- Brief
Please restate, word for word, the lines below that begin at the one with "Klatschmohn Appartement *" and end at the one with "Апартаменты Holiday Home Rue Des Granges". Leave out all other lines.

- Excerpted data
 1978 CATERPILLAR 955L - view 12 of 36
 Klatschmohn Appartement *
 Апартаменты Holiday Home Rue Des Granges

...

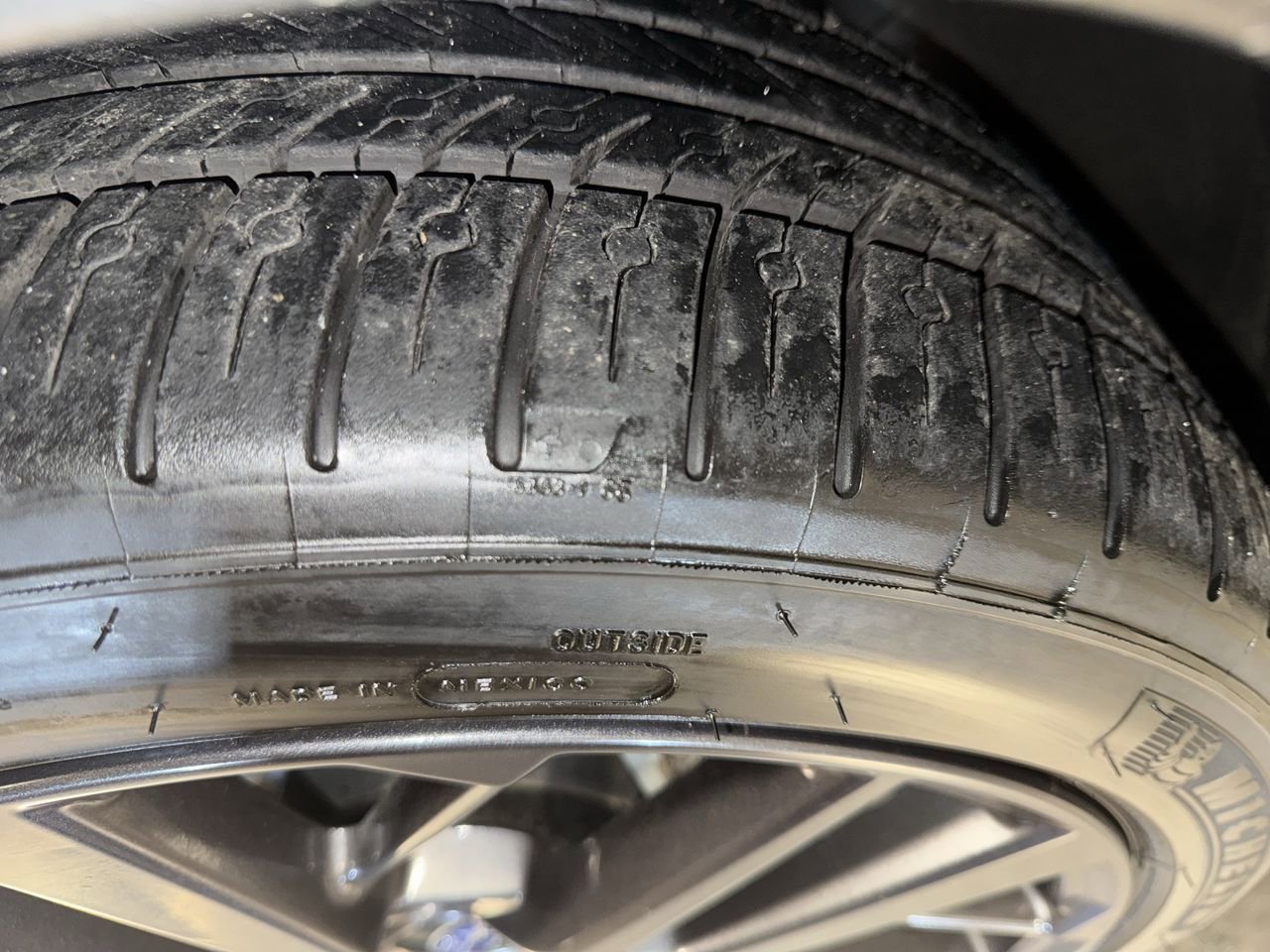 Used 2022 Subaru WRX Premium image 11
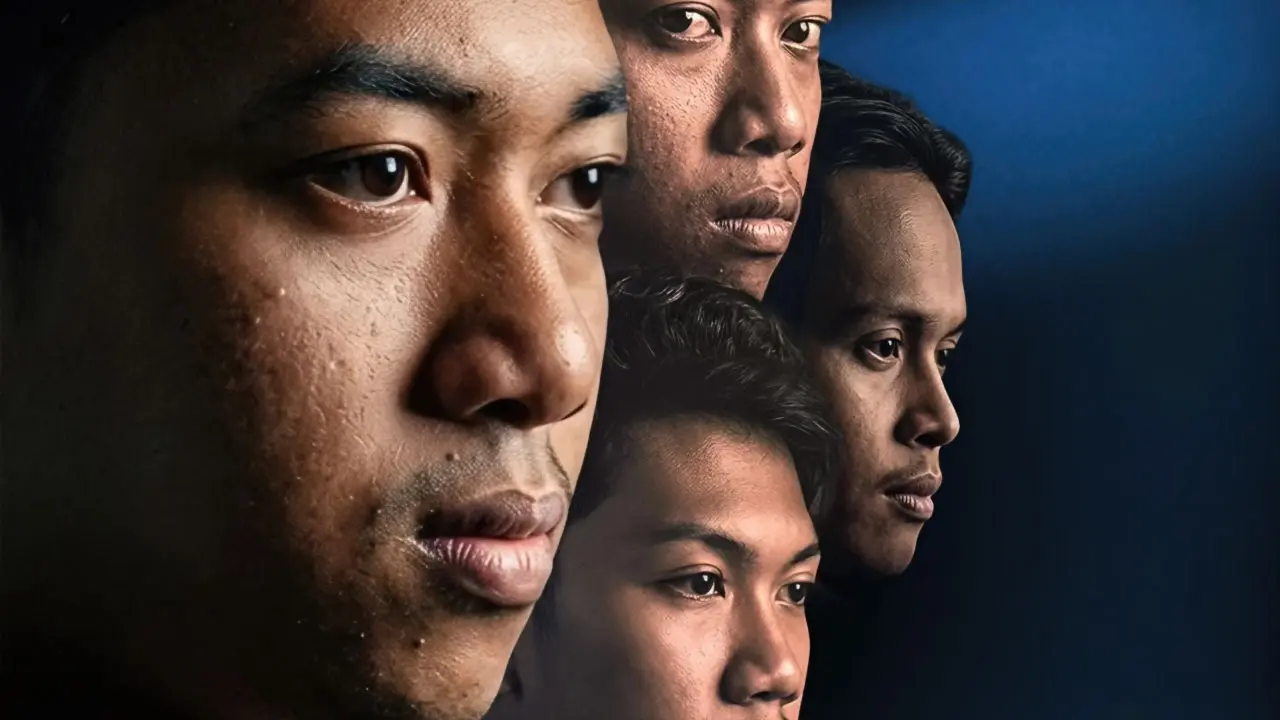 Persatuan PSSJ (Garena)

==

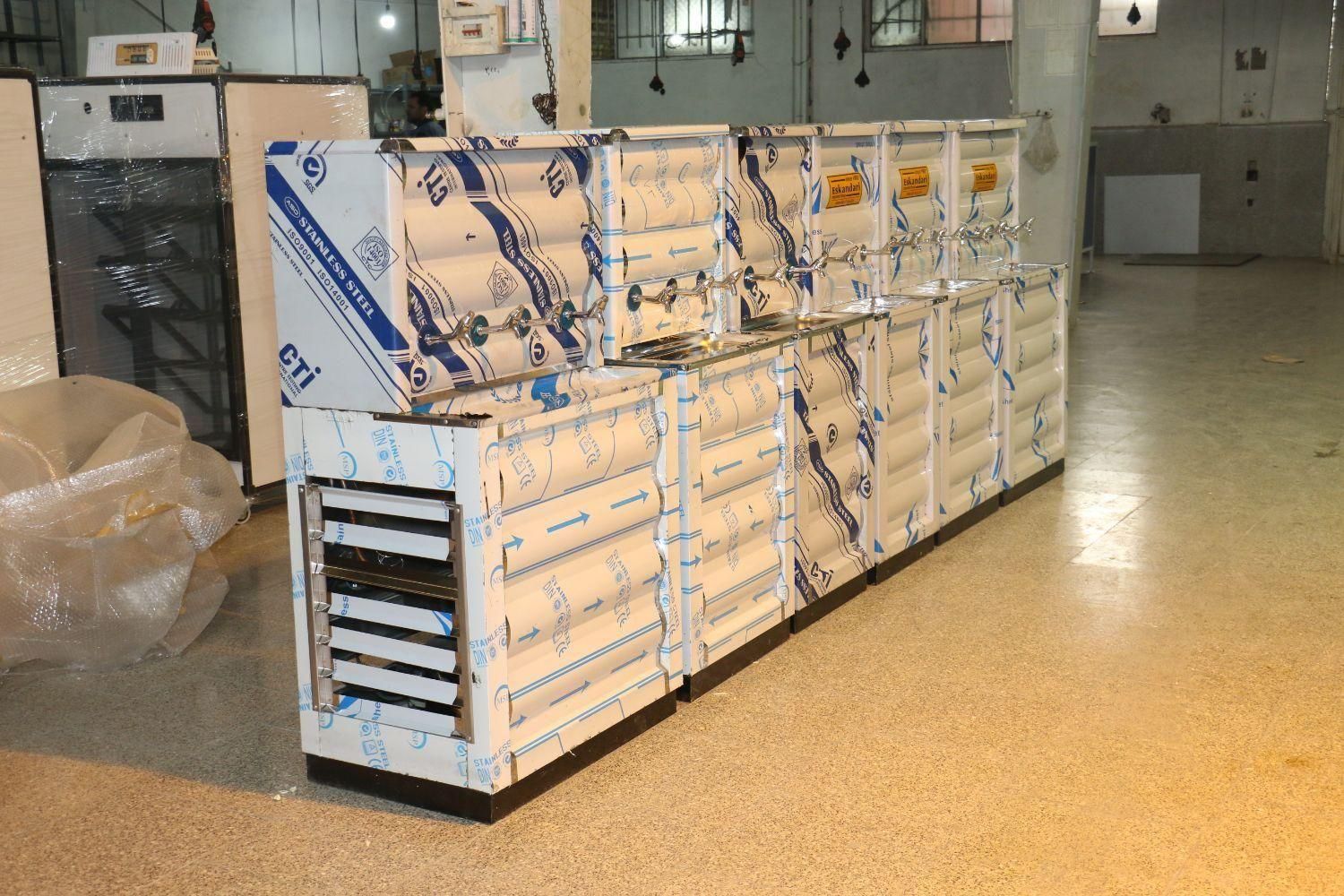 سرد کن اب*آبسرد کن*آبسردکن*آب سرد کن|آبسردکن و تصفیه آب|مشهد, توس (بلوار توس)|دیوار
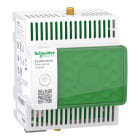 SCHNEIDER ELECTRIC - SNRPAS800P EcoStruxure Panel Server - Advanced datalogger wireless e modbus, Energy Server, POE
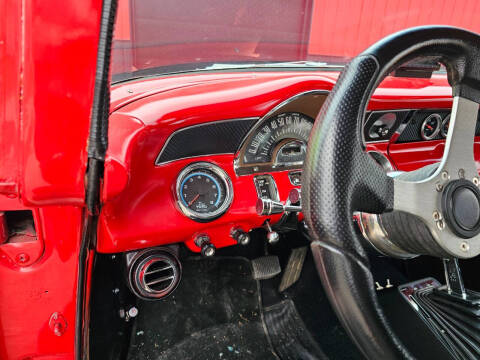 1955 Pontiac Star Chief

- Output of the task
 Klatschmohn Appartement *
 Апартаменты Holiday Home Rue Des Granges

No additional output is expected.